The basis for the actual decision to suspend the governmental licence for the export of military apparel was the Conseil's view that there was a real chance that export of the carrier could be prohibited under the EC Regulation on the Import and Export of Waste from the European Communities (Regulation EC 295/93).
The wider significance of the decision may lie in its implications for the treatment of 'foreign' interests in local procedures for judicial review. The issue is only addressed in passing, when the Conseil discusses the 'urgency' requirement for intervention. This requirement of French administrative law would be met whenever the execution of an administrative act would cause damage, in a sufficiently serious and immediate way, to "a public interest, to the situation of the applicant, or to the interests that the applicant seeks to defend". The Conseil holds that the danger to "public health and the environment" (unqualified) that could materialize once the ship would be within Indian sovereign territory and irreversible demolition work would have started, is of such a nature as to pose a serious and immediate threat "to the interests defended by the applicants". This shows, it would seem, that the interests of Indian workers and people living close to the scrapping-beaches, are brought within reach of the Conseil only through the statutary mission of the associations and not through the general public interest ground. On the other hand, it seems clear that the Conseil has not demanded that these associations specifically include overseas asbestos issues in their mission.

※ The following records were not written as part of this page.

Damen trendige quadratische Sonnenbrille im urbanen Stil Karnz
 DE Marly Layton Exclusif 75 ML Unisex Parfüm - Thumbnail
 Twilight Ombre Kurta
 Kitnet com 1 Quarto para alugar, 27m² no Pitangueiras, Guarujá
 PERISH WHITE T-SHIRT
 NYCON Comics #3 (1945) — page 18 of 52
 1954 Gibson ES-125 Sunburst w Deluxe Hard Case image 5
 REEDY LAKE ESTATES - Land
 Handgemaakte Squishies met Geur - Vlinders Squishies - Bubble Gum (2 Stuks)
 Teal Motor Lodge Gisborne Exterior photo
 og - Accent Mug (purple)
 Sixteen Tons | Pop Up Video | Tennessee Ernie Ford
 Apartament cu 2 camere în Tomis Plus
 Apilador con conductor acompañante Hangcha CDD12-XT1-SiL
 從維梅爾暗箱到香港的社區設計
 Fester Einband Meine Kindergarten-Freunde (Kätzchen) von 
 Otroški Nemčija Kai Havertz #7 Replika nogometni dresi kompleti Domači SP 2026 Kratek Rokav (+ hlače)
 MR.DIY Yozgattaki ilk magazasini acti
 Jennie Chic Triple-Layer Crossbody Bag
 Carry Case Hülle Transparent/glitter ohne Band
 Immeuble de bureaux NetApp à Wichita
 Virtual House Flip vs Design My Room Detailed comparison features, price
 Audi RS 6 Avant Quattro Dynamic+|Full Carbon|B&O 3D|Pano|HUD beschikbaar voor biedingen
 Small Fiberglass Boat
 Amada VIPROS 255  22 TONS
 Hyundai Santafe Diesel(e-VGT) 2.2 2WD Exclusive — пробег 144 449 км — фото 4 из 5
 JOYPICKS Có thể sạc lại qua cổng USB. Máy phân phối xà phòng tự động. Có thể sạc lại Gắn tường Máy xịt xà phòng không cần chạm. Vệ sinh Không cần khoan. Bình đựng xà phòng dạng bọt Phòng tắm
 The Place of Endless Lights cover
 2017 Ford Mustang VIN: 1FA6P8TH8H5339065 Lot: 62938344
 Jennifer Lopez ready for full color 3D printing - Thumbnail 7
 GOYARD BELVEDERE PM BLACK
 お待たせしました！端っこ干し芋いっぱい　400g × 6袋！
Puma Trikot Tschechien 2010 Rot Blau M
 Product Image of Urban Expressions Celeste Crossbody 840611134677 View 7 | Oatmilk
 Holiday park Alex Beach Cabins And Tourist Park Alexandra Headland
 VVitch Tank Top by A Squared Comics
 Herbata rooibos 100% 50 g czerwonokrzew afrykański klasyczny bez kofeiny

There is an ever clearer human rights dimension to this sort of serious environmental damage (see for a recent paper discussing relevant issues within the American constitutional context this paper by Robin Kundis Craig: "Should there be a constitutional right to a clean an healthy environment?"). In the European context, there is the important Lopez Ostra ruling of the European Court of Human Rights, affirming the inclusion of serious damage to an individual's living environment under the article 8 right to respect for private life. The question of whether damage to Indian citizens in India caused by a French military vessel sent there by the French government would fall within the jurisdictional scope of the European Convention is, I would submit, not one with an obvious answer. Recent statements by the Court in the Issa case (here) would, however, seem to suggest that this is not unimmaginable. For now, the only clue the Conseil d'Etat may have given as to its view on the human rights dimension of the issue might be gleaned from its decision that the International Federation of Human Rights Leagues did not have standing to intervene because the object of the proceedings was not covered by its statutes.